*** Opening Source information ***
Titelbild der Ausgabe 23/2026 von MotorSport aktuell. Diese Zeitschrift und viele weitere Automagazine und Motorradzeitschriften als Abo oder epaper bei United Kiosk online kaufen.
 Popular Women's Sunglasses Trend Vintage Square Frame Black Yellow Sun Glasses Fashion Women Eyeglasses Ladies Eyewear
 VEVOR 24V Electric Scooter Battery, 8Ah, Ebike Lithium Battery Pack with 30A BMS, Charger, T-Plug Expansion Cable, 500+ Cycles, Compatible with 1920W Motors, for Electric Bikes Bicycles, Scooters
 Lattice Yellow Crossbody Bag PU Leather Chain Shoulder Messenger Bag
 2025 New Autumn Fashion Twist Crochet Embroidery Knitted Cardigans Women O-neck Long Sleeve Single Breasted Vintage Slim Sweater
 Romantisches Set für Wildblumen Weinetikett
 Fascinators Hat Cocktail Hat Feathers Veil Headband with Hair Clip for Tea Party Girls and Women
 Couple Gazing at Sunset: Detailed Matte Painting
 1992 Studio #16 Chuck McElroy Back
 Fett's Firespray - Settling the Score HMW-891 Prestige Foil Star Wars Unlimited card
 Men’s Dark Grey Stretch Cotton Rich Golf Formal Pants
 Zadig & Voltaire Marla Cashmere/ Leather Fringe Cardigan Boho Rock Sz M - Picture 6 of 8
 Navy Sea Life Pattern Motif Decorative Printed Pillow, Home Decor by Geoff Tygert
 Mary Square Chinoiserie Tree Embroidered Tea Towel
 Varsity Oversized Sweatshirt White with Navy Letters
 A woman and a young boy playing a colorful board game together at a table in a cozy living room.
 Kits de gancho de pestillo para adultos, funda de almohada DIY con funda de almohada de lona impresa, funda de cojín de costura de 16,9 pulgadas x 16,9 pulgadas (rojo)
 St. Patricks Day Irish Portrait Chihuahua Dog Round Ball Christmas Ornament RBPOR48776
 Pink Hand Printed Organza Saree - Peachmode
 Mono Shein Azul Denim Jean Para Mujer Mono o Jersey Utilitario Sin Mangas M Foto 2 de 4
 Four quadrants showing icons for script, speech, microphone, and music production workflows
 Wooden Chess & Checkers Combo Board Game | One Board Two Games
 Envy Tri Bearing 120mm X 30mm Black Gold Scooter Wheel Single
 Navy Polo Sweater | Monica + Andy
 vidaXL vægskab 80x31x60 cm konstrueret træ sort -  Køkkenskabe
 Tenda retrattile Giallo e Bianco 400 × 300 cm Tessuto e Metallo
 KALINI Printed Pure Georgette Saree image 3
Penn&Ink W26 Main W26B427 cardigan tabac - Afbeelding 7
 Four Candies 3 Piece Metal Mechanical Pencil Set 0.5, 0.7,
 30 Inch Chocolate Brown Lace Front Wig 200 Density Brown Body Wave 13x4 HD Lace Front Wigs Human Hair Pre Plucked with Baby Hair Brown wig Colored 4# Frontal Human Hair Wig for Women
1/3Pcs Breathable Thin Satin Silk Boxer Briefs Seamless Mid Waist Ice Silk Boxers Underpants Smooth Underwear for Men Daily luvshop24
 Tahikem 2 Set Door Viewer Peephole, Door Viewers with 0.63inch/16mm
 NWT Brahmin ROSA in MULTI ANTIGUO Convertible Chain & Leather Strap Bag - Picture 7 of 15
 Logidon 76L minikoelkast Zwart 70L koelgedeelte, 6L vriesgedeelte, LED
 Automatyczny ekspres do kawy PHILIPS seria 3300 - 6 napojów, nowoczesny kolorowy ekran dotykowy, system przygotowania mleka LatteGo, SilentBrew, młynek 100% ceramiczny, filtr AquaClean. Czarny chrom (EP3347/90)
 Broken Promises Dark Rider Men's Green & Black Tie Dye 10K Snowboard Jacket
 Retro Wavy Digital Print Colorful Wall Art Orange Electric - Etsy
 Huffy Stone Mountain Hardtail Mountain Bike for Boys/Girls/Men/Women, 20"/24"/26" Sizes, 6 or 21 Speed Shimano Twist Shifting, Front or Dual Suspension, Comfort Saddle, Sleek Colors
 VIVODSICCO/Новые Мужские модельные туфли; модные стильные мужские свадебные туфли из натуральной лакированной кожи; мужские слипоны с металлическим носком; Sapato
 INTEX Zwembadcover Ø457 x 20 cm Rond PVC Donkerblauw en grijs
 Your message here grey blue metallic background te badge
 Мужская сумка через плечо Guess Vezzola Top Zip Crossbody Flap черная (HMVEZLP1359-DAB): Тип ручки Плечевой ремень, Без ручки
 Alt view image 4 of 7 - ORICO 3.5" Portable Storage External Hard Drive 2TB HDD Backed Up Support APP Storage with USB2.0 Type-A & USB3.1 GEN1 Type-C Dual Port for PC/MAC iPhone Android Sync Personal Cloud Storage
*** Closing Source information ***
Task description: Without leaving anything out, retype the material exactly.

Output for this task:
Titelbild der Ausgabe 23/2026 von MotorSport aktuell. Diese Zeitschrift und viele weitere Automagazine und Motorradzeitschriften als Abo oder epaper bei United Kiosk online kaufen.
 Popular Women's Sunglasses Trend Vintage Square Frame Black Yellow Sun Glasses Fashion Women Eyeglasses Ladies Eyewear
 VEVOR 24V Electric Scooter Battery, 8Ah, Ebike Lithium Battery Pack with 30A BMS, Charger, T-Plug Expansion Cable, 500+ Cycles, Compatible with 1920W Motors, for Electric Bikes Bicycles, Scooters
 Lattice Yellow Crossbody Bag PU Leather Chain Shoulder Messenger Bag
 2025 New Autumn Fashion Twist Crochet Embroidery Knitted Cardigans Women O-neck Long Sleeve Single Breasted Vintage Slim Sweater
 Romantisches Set für Wildblumen Weinetikett
 Fascinators Hat Cocktail Hat Feathers Veil Headband with Hair Clip for Tea Party Girls and Women
 Couple Gazing at Sunset: Detailed Matte Painting
 1992 Studio #16 Chuck McElroy Back
 Fett's Firespray - Settling the Score HMW-891 Prestige Foil Star Wars Unlimited card
 Men’s Dark Grey Stretch Cotton Rich Golf Formal Pants
 Zadig & Voltaire Marla Cashmere/ Leather Fringe Cardigan Boho Rock Sz M - Picture 6 of 8
 Navy Sea Life Pattern Motif Decorative Printed Pillow, Home Decor by Geoff Tygert
 Mary Square Chinoiserie Tree Embroidered Tea Towel
 Varsity Oversized Sweatshirt White with Navy Letters
 A woman and a young boy playing a colorful board game together at a table in a cozy living room.
 Kits de gancho de pestillo para adultos, funda de almohada DIY con funda de almohada de lona impresa, funda de cojín de costura de 16,9 pulgadas x 16,9 pulgadas (rojo)
 St. Patricks Day Irish Portrait Chihuahua Dog Round Ball Christmas Ornament RBPOR48776
 Pink Hand Printed Organza Saree - Peachmode
 Mono Shein Azul Denim Jean Para Mujer Mono o Jersey Utilitario Sin Mangas M Foto 2 de 4
 Four quadrants showing icons for script, speech, microphone, and music production workflows
 Wooden Chess & Checkers Combo Board Game | One Board Two Games
 Envy Tri Bearing 120mm X 30mm Black Gold Scooter Wheel Single
 Navy Polo Sweater | Monica + Andy
 vidaXL vægskab 80x31x60 cm konstrueret træ sort -  Køkkenskabe
 Tenda retrattile Giallo e Bianco 400 × 300 cm Tessuto e Metallo
 KALINI Printed Pure Georgette Saree image 3
Penn&Ink W26 Main W26B427 cardigan tabac - Afbeelding 7
 Four Candies 3 Piece Metal Mechanical Pencil Set 0.5, 0.7,
 30 Inch Chocolate Brown Lace Front Wig 200 Density Brown Body Wave 13x4 HD Lace Front Wigs Human Hair Pre Plucked with Baby Hair Brown wig Colored 4# Frontal Human Hair Wig for Women
1/3Pcs Breathable Thin Satin Silk Boxer Briefs Seamless Mid Waist Ice Silk Boxers Underpants Smooth Underwear for Men Daily luvshop24
 Tahikem 2 Set Door Viewer Peephole, Door Viewers with 0.63inch/16mm
 NWT Brahmin ROSA in MULTI ANTIGUO Convertible Chain & Leather Strap Bag - Picture 7 of 15
 Logidon 76L minikoelkast Zwart 70L koelgedeelte, 6L vriesgedeelte, LED
 Automatyczny ekspres do kawy PHILIPS seria 3300 - 6 napojów, nowoczesny kolorowy ekran dotykowy, system przygotowania mleka LatteGo, SilentBrew, młynek 100% ceramiczny, filtr AquaClean. Czarny chrom (EP3347/90)
 Broken Promises Dark Rider Men's Green & Black Tie Dye 10K Snowboard Jacket
 Retro Wavy Digital Print Colorful Wall Art Orange Electric - Etsy
 Huffy Stone Mountain Hardtail Mountain Bike for Boys/Girls/Men/Women, 20"/24"/26" Sizes, 6 or 21 Speed Shimano Twist Shifting, Front or Dual Suspension, Comfort Saddle, Sleek Colors
 VIVODSICCO/Новые Мужские модельные туфли; модные стильные мужские свадебные туфли из натуральной лакированной кожи; мужские слипоны с металлическим носком; Sapato
 INTEX Zwembadcover Ø457 x 20 cm Rond PVC Donkerblauw en grijs
 Your message here grey blue metallic background te badge
 Мужская сумка через плечо Guess Vezzola Top Zip Crossbody Flap черная (HMVEZLP1359-DAB): Тип ручки Плечевой ремень, Без ручки
 Alt view image 4 of 7 - ORICO 3.5" Portable Storage External Hard Drive 2TB HDD Backed Up Support APP Storage with USB2.0 Type-A & USB3.1 GEN1 Type-C Dual Port for PC/MAC iPhone Android Sync Personal Cloud Storage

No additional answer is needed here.